Introduced in vSphere 5.5, a Linux-based driver was added to support 40GbE Mellanox adapters on ESXi. Now vSphere 6.0 adds a native driver and Dynamic NetQueue for Mellanox, and these features  significantly improve network performance. In addition to the device driver changes, vSphere 6.0 includes improvements to the vmxnet3 virtual NIC (vNIC) that allows a single vNIC to achieve line-rate performance with 40GbE physical NICs. Another performance feature introduced in 6.0 for high bandwidth NICs is NUMA Aware I/O which improves performance by collocating highly network-intensive workloads with the device NUMA node. In this blog, we highlight these features and the corresponding benefits achieved.

Test Configuration

We used two identical Dell PowerEdge R720 servers with Intel E5-2667 @ 2.90GHz and 64GB of memory and Mellanox Technologies MT27500 Family [ConnectX-3]  /  Intel Corporation 82599EB 10-Gigabit SFI/SFP+ Network NICs for our tests.

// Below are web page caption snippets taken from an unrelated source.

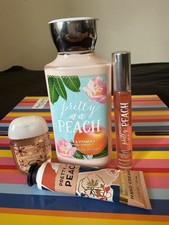 Bath  Body Works PRETTY AS A PEACH Perfume, Sanitizer, Lotion,  Hand Cream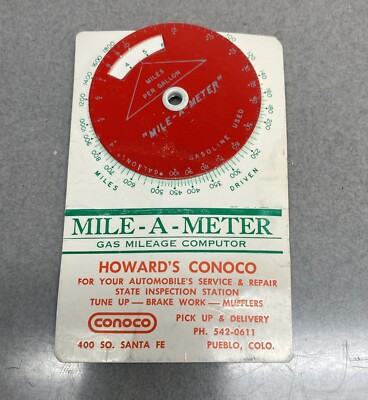 Conoco Gas Oil Station Mileage Meter Advertising Howard Pueblo Colorado Vintage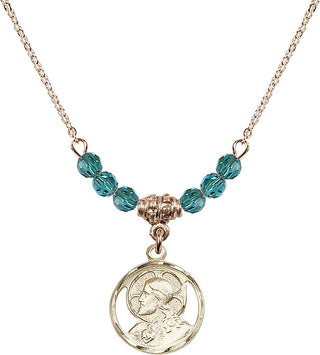 18" Hamilton Gold Plated Necklace with 4mm Zircon Crystal Beads featuring a 14kt Gold Filled Scapular Medal.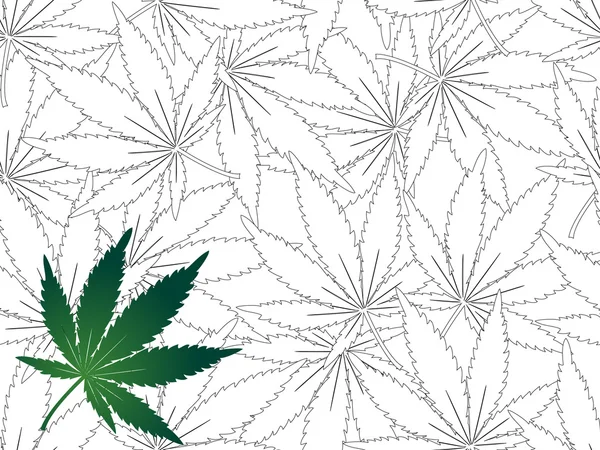 Folha de cannabis - fundo sem costura —  Vetores de Stock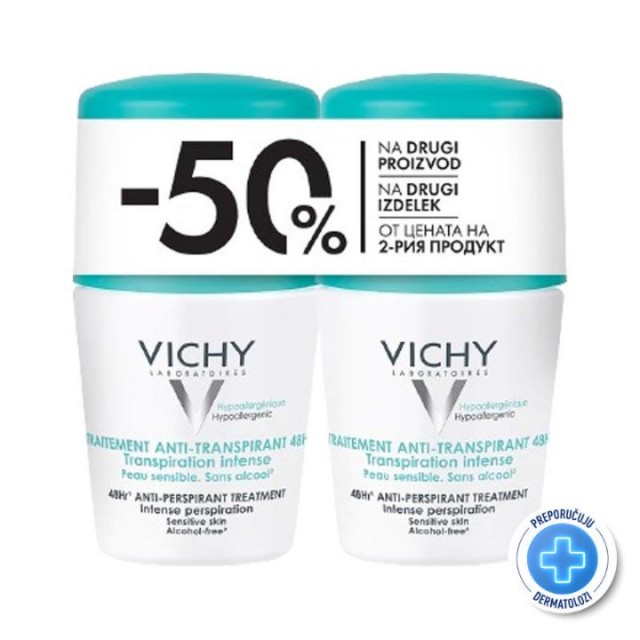 Promo Deodrant VICHY PROMO DEODORANT ANTITRANSPIRANT 48h ROLL-ON 2x50ML | On-line ...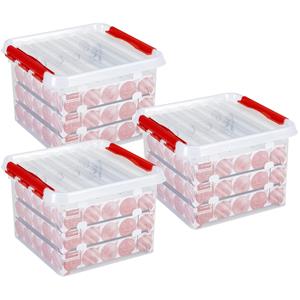 3x Kerstballen opruimen opbergboxen 26 liter - voor in totaal 225 kerstballen - Kerstversiering/kerstdecoratie opruimen/opbergen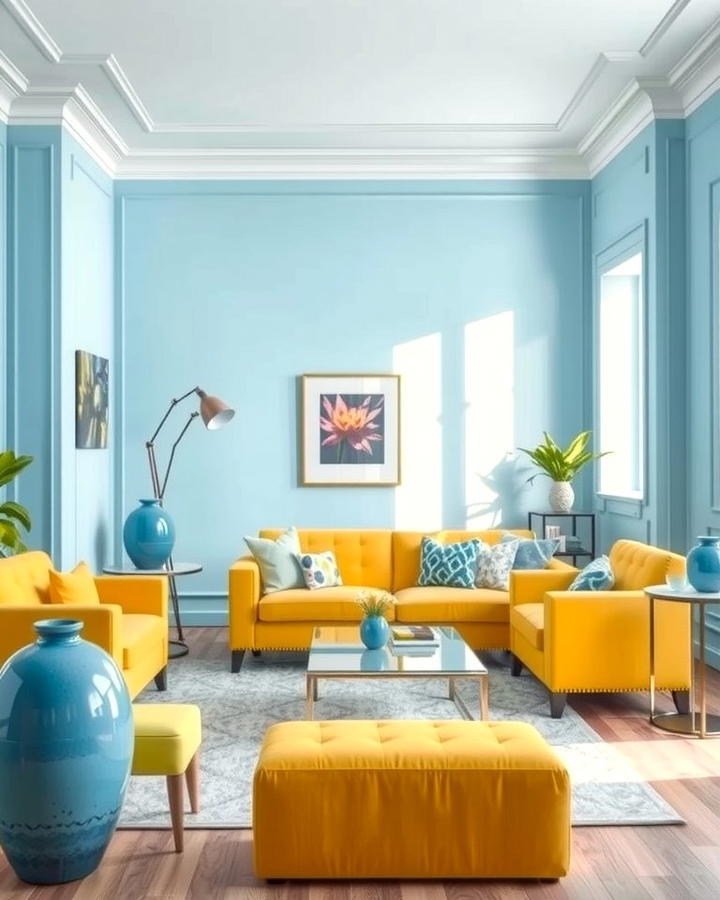 Soft Blue Walls with Yellow Furniture - 25 Yellow and Blue Living Room Ideas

In the single VM test, we used 1 RHEL 6 VM with 4 vCPUs on each ESXi host with 4 netperf TCP streams running. We then measured the cumulative throughput for the test.

For the multi-VM test, we configured multiple RHEL VMs with 1 vCPU each and used an identical number of VMs on the receiver side. Each VM used 4 sessions of netperf for driving traffic, and we measured the cumulative throughput across the VMs.

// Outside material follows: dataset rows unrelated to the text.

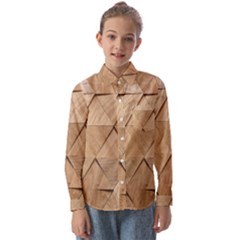 Wooden Triangles Texture, Wooden Wooden Kids  Long Sleeve Shirt by nateshop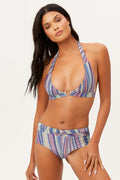 Eden Halter Ring Center Shimmy Blue Lurex Bikini Top
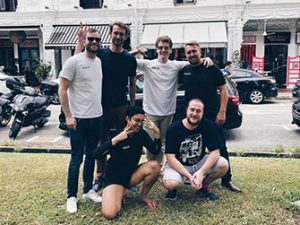 Some of the JAM team posing for a team photo, Singapore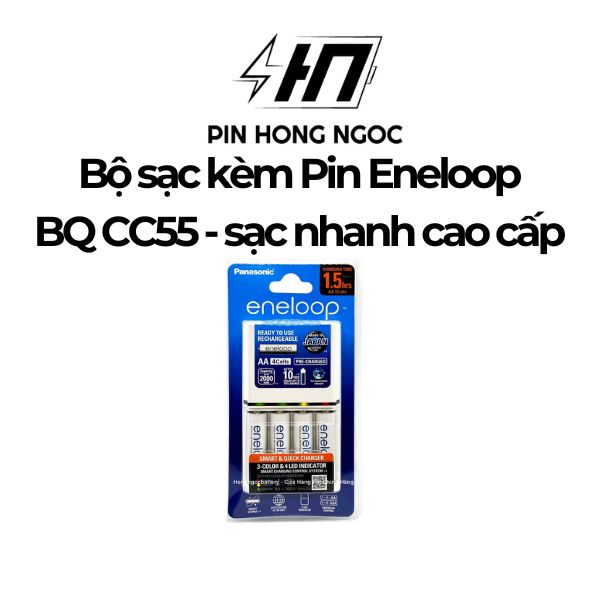 Bộ sạc nhanh Panasonic BQ-CC55 – Sạc pin AA/AAA siêu tốc, an toàn, thông minh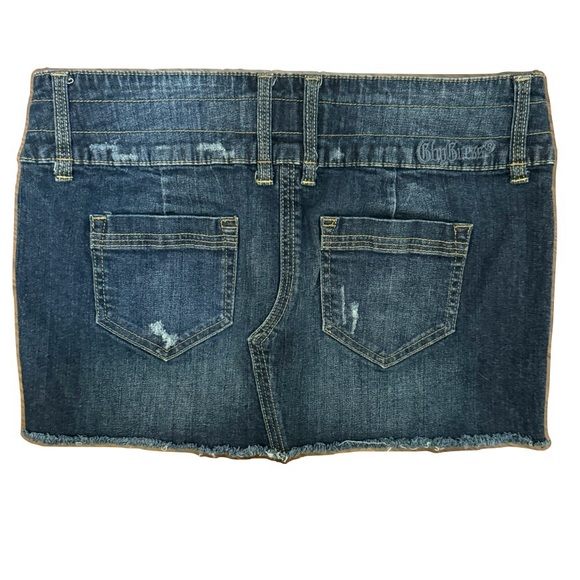 G by Guess Sachet Mini Denim Jean Skirt in Dark Destroy Wash Size 29 - Picture 8 of 12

Single vNIC Performance Improvements

In order to achieve line-rate performance for vmxnet3, changes were made to the virtual NIC adapter for vSphere 6.0 so that multiple hardware queues could push data to vNICs simultaneously. This allows vmxnet3 to use multiple hardware queues from the physical NIC more effectively. This not only increases the throughput a single vNIC can achieve, but also helps in overall CPU utilization.

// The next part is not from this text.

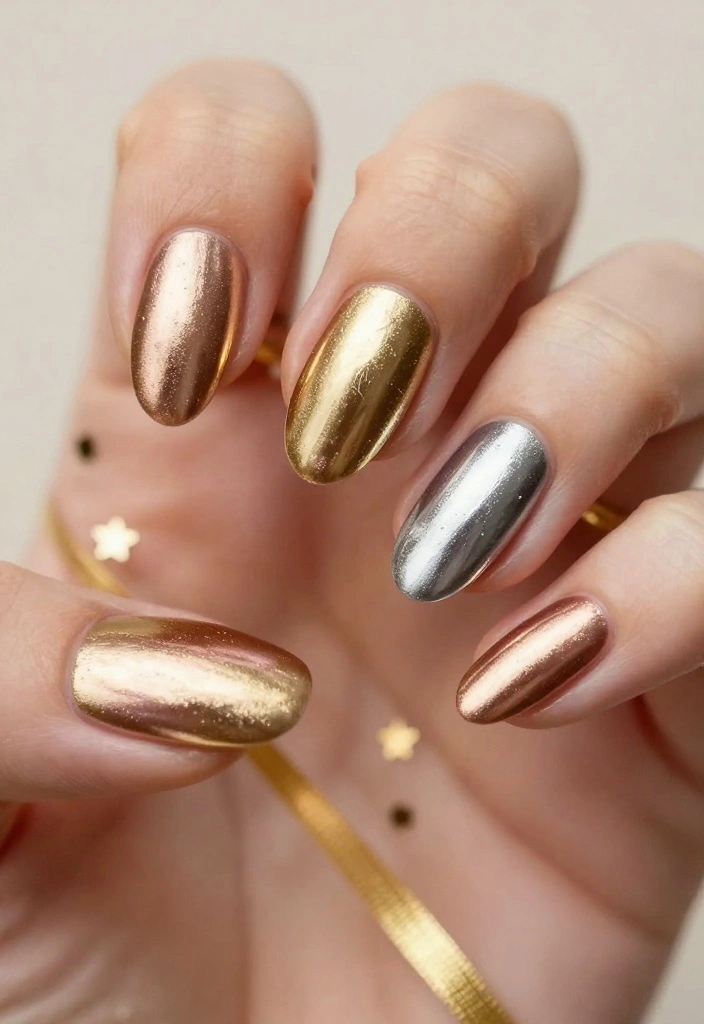 21 Incredible Nye Nails That Will Inspire Your New Year’s Celebrations! - 2. Metallic Marvels 1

As we can see from figure 1 below, 1 VM with 1 vNIC on vSphere 6.0 can achieve more than 35Gbps of throughput as compared to 20Gbps achieved in vSphere 5.5 (indicated by the blue bar chart). The CPU used to receive 1Gbps of traffic, on the other hand, is reduced by 50% (indicated by the red line chart).

Single VM throughput

Figure 1. 1VM vmxnet3 Receive throughput

By default, a single vNIC can receive packets from a single hardware queue. To achieve higher throughput, the vNIC has to request more queues. This can be done by setting ethernetX.pnicFeatures = “4” in the .vmx file. This option also requires the physical NIC to have RSS mode turn on. For Mellanox adapters, the RSS feature can be turned on by reloading the driver with num_rings_per_rss_queue=4.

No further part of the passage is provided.